Opinions

Brown v. Plata, 09-1233, May 23, 2011

Since 1990, the State of California has consistently failed to meet court-ordered benchmarks to bring its prison healthcare system within standards that do not amount to cruel and unusual punishment. Considering the trial court’s determination that California had exhausted its opportunities to remedy conditions, the bitterly divided Court (J. Kennedy writing for the majority, J. Scalia filing a dissent joined by J. Thomas, J. Alito filing a dissent joined by J. Roberts) held that that California must reduce its prison population to within 137.5% of capacity within two years (a release of around 30,000 prisoners, according to one media account).

The ruling–described by Justice Scalia as “perhaps the most radical injunction issued by a court in our nation’s history”–has generated significant commentary. Ben Kerschberg in Forbes surveyed the prison conditions that prompted the Court’s unprecedented action, along with a sober look at how the ruling will play in political and social debates into the future. The Sacramento Bee examined the opinion and possible outcomes. The Los Angeles Times looked at possible methods that would bring California into compliance with the ruling. And yes, The Weed Blog weighed in with an exhortation to reduce the prison population by reforming the state’s drug laws. 

General Dynamics v. United States, 09-1298, and Boeing v. United States, 09-1302, May 23, 2011

In this dispute between defense contractors and the Pentagon, the contractors asserted an affirmative defense that required significant inquiry into highly classified material, causing the government to invoke the state-secrets privilege. The trial court agreed that further litigation of the affirmative defense would create a risk of disclosing important military secrets, and therefore found that the contractors’ defense was “nonjusticiable.” Justice Scalia, writing for a unanimous Court, determined that because the finding of nonjusticiability fatally impaired the contractors’ affirmative defense, the government’s underlying claim was also barred, and ordered the lower court to fashion an order that would “leave the parties to the agreement where they stood on the day they filed suit.”

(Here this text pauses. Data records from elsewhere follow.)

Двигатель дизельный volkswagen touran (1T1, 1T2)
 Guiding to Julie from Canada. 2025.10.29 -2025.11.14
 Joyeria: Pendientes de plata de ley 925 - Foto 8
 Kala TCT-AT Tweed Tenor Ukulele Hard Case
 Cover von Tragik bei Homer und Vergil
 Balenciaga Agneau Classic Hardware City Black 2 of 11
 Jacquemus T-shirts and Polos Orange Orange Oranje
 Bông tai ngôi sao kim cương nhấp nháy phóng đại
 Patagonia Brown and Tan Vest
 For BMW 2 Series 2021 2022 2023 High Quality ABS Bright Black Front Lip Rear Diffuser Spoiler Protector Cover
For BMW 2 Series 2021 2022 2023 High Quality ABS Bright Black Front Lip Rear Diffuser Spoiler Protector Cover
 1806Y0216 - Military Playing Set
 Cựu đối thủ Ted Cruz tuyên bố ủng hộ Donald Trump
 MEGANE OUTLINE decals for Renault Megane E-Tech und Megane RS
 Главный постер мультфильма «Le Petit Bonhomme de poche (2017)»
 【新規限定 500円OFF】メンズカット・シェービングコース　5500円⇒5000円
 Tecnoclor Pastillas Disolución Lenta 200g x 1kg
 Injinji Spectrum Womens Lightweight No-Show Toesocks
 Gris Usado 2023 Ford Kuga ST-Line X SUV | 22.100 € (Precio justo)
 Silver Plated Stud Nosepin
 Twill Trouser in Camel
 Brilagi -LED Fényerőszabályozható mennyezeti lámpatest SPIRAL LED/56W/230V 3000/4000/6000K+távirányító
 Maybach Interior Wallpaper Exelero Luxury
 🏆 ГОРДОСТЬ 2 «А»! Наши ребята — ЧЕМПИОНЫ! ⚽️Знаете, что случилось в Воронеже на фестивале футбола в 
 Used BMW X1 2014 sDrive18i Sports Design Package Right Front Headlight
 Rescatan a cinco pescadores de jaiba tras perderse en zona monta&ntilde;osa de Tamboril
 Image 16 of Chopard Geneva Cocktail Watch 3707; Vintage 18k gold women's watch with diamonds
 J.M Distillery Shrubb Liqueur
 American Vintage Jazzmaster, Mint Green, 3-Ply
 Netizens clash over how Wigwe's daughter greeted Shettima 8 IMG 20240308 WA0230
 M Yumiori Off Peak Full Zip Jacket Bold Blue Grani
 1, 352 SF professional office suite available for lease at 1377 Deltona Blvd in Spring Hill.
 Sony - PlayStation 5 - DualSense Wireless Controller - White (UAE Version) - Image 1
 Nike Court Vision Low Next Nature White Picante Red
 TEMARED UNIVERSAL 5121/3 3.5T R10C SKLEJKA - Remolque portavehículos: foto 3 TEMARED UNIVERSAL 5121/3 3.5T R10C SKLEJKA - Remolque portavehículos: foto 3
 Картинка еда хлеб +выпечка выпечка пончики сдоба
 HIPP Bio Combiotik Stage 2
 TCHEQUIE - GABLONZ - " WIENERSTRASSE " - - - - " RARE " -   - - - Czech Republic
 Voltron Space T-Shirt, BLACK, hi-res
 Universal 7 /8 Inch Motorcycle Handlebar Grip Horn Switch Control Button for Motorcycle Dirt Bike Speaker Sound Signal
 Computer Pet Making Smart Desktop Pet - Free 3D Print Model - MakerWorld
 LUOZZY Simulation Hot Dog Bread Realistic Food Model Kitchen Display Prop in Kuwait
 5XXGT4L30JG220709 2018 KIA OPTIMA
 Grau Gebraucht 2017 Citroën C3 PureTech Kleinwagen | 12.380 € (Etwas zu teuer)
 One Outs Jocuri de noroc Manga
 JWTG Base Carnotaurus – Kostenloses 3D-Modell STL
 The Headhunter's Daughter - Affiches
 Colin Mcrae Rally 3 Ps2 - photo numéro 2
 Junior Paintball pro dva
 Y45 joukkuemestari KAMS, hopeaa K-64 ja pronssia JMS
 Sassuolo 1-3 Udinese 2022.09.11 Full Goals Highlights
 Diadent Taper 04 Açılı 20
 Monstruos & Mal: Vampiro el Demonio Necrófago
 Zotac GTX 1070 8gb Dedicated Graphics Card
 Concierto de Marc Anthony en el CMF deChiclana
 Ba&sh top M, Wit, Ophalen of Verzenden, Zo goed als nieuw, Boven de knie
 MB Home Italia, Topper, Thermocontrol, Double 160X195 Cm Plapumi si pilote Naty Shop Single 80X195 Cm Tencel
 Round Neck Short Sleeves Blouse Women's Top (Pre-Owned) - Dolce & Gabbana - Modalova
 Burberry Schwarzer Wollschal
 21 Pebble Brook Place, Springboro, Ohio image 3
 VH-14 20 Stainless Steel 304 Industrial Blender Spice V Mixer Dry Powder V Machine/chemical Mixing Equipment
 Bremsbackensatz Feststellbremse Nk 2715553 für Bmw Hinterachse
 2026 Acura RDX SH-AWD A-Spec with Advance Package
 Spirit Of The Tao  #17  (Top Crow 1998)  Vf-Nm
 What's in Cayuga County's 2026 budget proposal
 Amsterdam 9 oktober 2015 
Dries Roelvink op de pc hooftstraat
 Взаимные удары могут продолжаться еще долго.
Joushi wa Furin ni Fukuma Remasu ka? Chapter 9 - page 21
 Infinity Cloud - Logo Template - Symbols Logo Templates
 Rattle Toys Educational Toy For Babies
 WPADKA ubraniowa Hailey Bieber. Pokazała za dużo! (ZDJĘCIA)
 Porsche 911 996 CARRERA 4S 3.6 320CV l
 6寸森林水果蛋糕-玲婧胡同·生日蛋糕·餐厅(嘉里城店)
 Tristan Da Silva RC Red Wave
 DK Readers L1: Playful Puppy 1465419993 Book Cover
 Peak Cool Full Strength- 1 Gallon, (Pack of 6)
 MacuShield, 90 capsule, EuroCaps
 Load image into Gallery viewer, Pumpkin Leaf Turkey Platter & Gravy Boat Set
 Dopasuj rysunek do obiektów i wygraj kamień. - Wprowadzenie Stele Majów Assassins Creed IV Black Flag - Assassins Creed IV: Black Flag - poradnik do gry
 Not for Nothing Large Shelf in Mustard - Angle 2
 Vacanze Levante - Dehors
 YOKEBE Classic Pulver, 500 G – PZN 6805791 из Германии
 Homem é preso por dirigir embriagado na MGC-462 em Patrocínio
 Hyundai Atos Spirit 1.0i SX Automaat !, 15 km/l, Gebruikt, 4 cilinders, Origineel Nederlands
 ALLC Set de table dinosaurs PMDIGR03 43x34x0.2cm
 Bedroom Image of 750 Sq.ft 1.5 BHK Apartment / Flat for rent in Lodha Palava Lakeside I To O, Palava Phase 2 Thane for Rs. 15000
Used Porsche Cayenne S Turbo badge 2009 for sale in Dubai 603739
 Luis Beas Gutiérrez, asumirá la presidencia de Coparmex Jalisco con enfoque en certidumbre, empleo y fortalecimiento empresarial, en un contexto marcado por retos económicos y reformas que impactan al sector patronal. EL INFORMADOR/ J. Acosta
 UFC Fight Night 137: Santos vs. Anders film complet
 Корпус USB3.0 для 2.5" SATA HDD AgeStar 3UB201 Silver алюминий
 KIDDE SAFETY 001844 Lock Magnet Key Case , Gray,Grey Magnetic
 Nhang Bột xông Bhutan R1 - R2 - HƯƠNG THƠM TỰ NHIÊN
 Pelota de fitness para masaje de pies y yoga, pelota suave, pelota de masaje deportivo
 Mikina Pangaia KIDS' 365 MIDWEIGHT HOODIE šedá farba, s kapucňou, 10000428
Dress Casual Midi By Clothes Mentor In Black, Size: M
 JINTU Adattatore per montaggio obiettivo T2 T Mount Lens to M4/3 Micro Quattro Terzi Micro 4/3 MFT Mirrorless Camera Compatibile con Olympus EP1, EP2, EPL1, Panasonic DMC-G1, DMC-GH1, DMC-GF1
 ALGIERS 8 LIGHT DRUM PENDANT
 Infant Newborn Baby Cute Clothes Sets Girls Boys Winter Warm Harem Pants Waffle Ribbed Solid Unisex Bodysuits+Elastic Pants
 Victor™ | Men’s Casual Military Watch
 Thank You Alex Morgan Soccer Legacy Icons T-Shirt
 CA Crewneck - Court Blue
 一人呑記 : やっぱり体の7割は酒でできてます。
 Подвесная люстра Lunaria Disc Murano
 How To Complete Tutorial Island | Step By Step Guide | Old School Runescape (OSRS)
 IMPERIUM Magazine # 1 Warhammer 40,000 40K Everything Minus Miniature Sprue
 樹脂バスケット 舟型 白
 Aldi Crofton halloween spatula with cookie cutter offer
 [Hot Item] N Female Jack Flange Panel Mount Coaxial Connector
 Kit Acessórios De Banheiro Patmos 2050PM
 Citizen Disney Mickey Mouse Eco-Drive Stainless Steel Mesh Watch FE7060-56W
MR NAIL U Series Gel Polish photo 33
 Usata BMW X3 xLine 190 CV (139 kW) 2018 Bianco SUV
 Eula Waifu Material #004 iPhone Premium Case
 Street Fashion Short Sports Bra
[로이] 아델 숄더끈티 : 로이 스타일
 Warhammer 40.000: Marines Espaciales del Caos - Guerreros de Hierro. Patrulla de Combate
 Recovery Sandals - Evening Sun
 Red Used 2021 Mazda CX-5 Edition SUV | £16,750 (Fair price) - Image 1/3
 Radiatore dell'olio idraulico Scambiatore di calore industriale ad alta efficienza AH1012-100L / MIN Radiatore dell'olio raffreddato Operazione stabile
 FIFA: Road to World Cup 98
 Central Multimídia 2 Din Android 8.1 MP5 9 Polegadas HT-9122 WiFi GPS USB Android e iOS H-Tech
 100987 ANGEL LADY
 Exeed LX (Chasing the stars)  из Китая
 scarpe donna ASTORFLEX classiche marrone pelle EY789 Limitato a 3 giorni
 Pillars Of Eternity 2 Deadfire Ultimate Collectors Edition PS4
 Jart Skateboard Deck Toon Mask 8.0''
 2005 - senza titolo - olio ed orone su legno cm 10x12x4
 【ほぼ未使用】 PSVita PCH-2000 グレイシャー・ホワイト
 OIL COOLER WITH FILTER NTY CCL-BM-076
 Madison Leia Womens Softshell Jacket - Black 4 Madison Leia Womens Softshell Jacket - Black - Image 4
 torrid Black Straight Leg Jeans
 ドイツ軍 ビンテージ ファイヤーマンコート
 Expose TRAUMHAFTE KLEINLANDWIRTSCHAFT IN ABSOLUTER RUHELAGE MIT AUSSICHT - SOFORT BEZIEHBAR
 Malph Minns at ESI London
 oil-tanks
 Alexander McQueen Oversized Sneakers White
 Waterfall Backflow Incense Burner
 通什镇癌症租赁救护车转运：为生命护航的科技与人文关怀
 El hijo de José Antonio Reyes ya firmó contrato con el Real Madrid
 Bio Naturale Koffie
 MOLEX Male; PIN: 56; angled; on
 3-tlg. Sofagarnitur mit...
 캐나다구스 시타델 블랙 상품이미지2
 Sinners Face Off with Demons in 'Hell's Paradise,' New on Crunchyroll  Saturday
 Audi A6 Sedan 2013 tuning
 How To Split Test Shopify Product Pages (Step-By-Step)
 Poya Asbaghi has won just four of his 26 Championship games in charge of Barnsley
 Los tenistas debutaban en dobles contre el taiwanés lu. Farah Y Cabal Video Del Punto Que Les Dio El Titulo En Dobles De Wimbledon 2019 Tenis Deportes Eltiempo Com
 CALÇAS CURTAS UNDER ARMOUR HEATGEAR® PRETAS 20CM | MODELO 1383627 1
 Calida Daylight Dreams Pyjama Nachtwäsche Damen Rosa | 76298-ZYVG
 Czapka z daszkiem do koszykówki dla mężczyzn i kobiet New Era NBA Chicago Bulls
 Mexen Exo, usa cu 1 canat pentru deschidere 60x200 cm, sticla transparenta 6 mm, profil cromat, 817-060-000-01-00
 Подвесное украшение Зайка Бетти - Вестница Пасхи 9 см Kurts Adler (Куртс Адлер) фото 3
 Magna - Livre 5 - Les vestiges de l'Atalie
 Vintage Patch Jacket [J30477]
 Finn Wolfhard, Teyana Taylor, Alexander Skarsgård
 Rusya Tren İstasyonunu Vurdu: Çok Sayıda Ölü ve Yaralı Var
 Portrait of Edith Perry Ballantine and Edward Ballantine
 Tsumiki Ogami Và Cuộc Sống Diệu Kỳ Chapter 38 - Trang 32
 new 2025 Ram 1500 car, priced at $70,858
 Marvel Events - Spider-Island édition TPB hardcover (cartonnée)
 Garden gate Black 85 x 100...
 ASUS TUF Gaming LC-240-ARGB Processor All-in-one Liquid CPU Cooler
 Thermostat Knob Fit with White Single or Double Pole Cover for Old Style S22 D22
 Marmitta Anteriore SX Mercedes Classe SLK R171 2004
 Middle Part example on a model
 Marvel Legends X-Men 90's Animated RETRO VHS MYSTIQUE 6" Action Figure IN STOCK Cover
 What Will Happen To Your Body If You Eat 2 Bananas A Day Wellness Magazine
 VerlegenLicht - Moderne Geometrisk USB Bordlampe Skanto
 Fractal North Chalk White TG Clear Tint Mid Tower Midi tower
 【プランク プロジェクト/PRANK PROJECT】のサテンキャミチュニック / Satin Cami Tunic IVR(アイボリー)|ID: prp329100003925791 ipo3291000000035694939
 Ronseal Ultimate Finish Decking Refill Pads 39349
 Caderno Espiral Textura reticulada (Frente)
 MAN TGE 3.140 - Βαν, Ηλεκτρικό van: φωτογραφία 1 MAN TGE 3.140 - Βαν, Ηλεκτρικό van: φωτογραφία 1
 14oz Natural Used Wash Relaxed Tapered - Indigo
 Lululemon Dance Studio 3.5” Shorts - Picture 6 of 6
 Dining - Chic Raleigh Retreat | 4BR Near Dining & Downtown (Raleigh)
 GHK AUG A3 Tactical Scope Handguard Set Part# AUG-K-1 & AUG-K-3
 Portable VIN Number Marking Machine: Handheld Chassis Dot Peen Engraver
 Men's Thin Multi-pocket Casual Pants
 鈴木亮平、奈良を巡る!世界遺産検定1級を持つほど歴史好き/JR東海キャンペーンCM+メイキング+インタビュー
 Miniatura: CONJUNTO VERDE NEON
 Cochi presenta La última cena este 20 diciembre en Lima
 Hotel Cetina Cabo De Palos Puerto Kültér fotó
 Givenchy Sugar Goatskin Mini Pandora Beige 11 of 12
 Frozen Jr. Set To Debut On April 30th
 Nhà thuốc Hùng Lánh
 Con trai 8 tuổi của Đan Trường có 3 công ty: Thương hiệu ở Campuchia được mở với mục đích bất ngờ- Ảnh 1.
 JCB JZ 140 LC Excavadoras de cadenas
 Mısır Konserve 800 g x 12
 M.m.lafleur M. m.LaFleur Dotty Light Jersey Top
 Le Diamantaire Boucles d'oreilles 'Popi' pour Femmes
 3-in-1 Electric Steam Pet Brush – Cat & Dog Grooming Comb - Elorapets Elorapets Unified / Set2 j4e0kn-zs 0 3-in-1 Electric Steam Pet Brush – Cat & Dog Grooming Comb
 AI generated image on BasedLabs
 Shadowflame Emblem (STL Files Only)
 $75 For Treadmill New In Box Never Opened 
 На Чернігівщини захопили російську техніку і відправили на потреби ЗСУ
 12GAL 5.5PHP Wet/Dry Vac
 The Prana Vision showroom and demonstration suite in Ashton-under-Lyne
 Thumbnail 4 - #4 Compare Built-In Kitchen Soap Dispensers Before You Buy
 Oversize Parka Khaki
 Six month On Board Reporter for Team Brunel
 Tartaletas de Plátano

Adam Liptak covered the ruling, analyzing the case within the context of other recent state-secrets cases, and nicely explaining Scalia’s distinction between this holding and the older, seemingly contradictory, US v. Reynolds. The Wired story included a neat photo of the airplane in question–the Navy’s would-be A-12 Avenger stealth fighter. 

Orders of Note

Williams v. Thomas, 10-10589, May 19, 2011

The Court declined to stay the Petitioner’s execution and denied his petition for writ of certiorari. Later that day, the State of Alabama executed Williams.

Reuters has this account of the execution, along with details of Williams’ brutal crime. The case drew some attention earlier in the month when federal agents seized the drug Alabama intended to use in the execution over questions of whether or not it had been legally imported. Alabama then switched from sodium thiopental, a drug that is in short supply, to pentobarbital, more commonly used to euthanize animals.